Chase ignored both the glass and the colonel’s raised bushy eyebrow. His heart hammered in his chest and he opened his mouth, but no sound emerged. He tried again and still couldn’t find the right words. Nor could he look Alex in the eye. He took a deep breath to quell the tremor coursing through his body, fisted his hands against the anger taking control of him, and blurted, “They’re dead, sir.”

Alex stiffened. His face paled in the soft glow of the lamp. “Excuse me?” he wheezed, his voice as shaky as the hand he used to reach for his glass of whiskey.

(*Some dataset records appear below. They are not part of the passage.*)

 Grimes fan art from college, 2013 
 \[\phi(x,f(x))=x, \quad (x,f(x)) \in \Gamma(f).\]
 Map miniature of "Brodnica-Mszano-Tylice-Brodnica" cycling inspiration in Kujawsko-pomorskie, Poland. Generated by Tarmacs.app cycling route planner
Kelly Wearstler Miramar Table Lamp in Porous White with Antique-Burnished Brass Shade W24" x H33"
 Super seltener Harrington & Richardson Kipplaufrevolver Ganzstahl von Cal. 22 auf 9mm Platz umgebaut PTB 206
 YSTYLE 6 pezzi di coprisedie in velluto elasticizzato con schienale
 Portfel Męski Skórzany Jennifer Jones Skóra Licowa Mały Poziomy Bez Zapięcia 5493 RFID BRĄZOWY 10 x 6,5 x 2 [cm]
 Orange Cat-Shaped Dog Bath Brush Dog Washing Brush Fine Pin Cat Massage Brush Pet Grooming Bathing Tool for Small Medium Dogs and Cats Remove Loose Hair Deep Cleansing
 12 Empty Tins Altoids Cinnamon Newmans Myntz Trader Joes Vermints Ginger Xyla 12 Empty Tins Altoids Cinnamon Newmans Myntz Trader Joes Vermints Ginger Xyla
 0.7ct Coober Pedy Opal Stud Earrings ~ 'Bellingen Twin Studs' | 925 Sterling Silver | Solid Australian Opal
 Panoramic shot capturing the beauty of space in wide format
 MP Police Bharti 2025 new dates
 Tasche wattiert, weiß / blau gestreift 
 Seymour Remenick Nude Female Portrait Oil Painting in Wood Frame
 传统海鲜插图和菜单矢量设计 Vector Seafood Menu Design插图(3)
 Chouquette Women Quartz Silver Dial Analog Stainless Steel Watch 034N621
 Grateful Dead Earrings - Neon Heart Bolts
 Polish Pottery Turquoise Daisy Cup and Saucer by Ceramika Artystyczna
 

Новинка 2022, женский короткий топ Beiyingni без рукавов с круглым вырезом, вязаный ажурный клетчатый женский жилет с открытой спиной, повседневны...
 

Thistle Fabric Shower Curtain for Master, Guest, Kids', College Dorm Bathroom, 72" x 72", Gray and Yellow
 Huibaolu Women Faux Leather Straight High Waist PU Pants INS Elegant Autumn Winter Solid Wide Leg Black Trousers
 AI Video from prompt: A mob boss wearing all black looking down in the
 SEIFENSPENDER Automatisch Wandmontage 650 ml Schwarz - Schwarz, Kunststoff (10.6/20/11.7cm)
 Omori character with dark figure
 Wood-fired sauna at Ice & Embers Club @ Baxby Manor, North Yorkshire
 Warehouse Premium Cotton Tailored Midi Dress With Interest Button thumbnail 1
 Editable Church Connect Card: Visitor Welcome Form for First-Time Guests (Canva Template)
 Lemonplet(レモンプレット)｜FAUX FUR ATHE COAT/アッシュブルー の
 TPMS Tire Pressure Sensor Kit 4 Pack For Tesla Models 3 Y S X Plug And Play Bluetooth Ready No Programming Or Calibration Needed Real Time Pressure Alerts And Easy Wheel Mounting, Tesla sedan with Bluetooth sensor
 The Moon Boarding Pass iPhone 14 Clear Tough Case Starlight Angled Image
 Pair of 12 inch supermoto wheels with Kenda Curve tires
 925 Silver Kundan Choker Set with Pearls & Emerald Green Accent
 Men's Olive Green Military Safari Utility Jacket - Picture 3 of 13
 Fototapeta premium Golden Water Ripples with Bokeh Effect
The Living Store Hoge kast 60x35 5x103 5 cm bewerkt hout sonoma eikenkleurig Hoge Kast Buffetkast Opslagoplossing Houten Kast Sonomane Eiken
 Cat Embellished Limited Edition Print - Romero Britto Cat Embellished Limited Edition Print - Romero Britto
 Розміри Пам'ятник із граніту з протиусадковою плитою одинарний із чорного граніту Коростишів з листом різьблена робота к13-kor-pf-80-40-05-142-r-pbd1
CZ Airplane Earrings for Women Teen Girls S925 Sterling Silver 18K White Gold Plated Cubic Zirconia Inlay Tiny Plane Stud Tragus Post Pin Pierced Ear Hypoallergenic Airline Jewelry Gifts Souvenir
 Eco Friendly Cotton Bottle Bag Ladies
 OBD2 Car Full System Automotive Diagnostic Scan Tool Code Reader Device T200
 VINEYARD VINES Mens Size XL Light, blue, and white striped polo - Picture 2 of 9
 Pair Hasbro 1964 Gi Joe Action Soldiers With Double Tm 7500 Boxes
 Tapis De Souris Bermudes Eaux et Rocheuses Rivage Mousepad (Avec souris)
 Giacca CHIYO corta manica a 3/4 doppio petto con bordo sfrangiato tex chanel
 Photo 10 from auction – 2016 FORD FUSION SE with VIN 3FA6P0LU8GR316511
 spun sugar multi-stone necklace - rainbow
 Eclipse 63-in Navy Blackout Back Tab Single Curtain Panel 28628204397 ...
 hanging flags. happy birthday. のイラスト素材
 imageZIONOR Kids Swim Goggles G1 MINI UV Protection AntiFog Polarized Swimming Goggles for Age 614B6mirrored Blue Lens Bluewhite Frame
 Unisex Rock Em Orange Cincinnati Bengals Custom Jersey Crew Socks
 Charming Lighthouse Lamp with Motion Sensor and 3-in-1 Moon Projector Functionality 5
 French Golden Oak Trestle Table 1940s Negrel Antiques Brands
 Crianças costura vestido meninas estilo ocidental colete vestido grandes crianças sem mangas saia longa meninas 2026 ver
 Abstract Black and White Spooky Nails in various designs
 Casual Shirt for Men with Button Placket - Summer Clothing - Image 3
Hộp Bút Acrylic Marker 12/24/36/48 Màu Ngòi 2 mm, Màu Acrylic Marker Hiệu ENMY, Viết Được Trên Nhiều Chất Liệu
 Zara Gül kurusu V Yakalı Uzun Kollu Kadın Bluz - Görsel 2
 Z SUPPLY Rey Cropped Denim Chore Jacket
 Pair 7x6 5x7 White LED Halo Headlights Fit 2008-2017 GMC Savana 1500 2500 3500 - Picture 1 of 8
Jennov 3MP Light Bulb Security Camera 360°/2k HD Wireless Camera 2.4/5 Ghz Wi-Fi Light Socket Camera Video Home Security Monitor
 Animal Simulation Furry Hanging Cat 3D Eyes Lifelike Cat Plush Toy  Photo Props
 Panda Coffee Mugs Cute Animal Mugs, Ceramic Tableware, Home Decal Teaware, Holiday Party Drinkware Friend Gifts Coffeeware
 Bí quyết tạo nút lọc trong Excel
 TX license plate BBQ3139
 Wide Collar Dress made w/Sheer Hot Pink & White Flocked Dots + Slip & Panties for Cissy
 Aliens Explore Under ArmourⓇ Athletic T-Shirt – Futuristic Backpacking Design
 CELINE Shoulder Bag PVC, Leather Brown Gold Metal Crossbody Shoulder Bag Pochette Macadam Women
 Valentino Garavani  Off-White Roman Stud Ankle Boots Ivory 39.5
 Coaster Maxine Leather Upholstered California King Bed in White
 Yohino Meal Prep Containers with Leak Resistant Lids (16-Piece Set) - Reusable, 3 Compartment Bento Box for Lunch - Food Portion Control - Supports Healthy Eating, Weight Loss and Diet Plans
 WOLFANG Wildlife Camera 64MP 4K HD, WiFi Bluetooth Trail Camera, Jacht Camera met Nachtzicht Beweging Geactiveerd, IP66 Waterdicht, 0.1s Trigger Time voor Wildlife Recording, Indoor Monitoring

Chase swallowed over the lump in his throat and tried to relax the tenseness in his body. He failed. His voice tight, he repeated, “They’re all dead.” He dropped Evan’s ring on the table. It bounced and rolled several times before coming to rest. Brass buttons, melted and misshapen, joined the onyx ring. “Your son. My brother. Wilcoxon. Hampton. All dead.”

“You’re certain?”

“Yes.” He placed the last item, a St. Christopher medal, in his commander’s hand. “I believe this was Jeremy’s.”

Tears shimmered in the older man’s eyes as he looked at the medallion then at Chase. “Where did you find this?”

“Dead Man’s Drop, a canyon outside Crystal Springs.”

Alex’s hand balled into a fist around the medal. “What happened?”

“I believe they were ambushed, sir.” He didn’t mention what he’d found at the bottom of the canyon, hoping to spare the man some of the grief he had not been spared.

The colonel cleared his throat. He stood and paced the kitchen, arms folded across his chest as if he held himself against the pain. He took a deep shuddering breath then another and another. “The rifles?”

“No sign of them, sir. I assume the rifles were why our men were killed.”

Chase watched him and waited. Alexander Barstow had always been a man in complete control of himself. Stoic. Rigid. Unemotional, except when it came to his wife and son. Anger glimmered in his eyes as he stopped pacing and met Chase’s gaze. His voice trembled when he asked, “How am I going to tell Pru?”

In the next moment, he crossed the room so fast, Chase jumped out of his chair. They stood face to face. A muscle thrummed in Alex’s jaw and matched the one Chase felt throbbing in his own.

“I want you to find the thieving bastards who murdered my son and kill them. Do you understand?”

“Yes, sir,” Chase replied automatically though the order went against every fiber of his moral being. He opened his mouth to argue the point, to let Alex know it would be better to have the men stand trial and let the law execute them, but one look at the colonel’s shining eyes and hard features changed his mind. Alex would never hear the words.

He saluted, slipped into the darkness and left the camp, his heart heavy. As difficult as it had been to tell Colonel Barstow about his son, telling his parents and Evan’s fiancée would be a hell of a lot worse.